• Your assignment:
Given the records below, would you repeat exactly the lines that begin at the one containing "Zwei süße gelbe" and end at the one containing "Diogo Jota, atacante", inclusive?

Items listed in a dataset
○ ○ ○ ○ ○ ○ ○
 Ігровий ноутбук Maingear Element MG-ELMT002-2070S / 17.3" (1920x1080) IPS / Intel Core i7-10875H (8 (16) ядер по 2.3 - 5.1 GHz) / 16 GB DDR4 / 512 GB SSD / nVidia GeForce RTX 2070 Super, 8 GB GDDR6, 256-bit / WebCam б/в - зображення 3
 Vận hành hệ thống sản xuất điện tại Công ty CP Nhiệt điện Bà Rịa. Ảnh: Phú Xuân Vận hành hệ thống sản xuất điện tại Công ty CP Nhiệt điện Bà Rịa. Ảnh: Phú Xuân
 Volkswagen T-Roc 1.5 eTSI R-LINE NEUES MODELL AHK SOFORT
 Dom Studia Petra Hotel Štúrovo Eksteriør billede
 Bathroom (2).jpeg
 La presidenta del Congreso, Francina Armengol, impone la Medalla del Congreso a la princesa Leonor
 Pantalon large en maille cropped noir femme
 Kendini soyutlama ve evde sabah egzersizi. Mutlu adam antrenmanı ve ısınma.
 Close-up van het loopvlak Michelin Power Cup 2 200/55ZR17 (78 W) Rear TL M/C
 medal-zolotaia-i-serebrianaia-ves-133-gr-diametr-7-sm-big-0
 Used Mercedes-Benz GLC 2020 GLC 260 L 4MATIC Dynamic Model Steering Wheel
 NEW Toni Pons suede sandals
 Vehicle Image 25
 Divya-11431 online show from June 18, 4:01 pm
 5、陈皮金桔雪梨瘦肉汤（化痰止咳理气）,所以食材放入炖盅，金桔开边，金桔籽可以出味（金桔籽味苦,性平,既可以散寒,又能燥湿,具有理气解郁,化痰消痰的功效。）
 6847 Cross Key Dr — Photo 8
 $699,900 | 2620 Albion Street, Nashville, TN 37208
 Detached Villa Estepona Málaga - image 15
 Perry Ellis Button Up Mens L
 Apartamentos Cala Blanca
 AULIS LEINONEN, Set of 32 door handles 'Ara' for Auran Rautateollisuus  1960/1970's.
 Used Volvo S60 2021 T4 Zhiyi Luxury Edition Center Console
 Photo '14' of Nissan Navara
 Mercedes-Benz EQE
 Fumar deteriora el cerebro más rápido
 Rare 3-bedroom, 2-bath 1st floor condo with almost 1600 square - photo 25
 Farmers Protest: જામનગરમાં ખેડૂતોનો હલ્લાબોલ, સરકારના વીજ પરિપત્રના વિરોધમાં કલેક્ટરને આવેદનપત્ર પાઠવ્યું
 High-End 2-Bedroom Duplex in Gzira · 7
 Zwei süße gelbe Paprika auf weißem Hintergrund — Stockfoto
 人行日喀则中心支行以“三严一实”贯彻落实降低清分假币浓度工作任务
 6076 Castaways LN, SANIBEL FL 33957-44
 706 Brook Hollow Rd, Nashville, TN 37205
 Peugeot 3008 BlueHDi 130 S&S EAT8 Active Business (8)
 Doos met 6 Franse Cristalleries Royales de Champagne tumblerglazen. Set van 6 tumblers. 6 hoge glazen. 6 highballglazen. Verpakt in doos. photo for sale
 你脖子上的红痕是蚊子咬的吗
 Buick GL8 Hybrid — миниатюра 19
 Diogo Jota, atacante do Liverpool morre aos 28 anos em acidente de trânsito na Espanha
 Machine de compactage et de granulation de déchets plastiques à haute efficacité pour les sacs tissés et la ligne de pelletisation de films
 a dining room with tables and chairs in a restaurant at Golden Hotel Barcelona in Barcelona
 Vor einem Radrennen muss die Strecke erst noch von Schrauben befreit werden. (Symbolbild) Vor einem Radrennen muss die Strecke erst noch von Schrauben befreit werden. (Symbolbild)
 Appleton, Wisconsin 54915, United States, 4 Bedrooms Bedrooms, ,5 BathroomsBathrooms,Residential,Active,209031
○ ○ ○ ○ ○ ○ ○
• Solution to the problem:
 Zwei süße gelbe Paprika auf weißem Hintergrund — Stockfoto
 人行日喀则中心支行以“三严一实”贯彻落实降低清分假币浓度工作任务
 6076 Castaways LN, SANIBEL FL 33957-44
 706 Brook Hollow Rd, Nashville, TN 37205
 Peugeot 3008 BlueHDi 130 S&S EAT8 Active Business (8)
 Doos met 6 Franse Cristalleries Royales de Champagne tumblerglazen. Set van 6 tumblers. 6 hoge glazen. 6 highballglazen. Verpakt in doos. photo for sale
 你脖子上的红痕是蚊子咬的吗
 Buick GL8 Hybrid — миниатюра 19
 Diogo Jota, atacante do Liverpool morre aos 28 anos em acidente de trânsito na Espanha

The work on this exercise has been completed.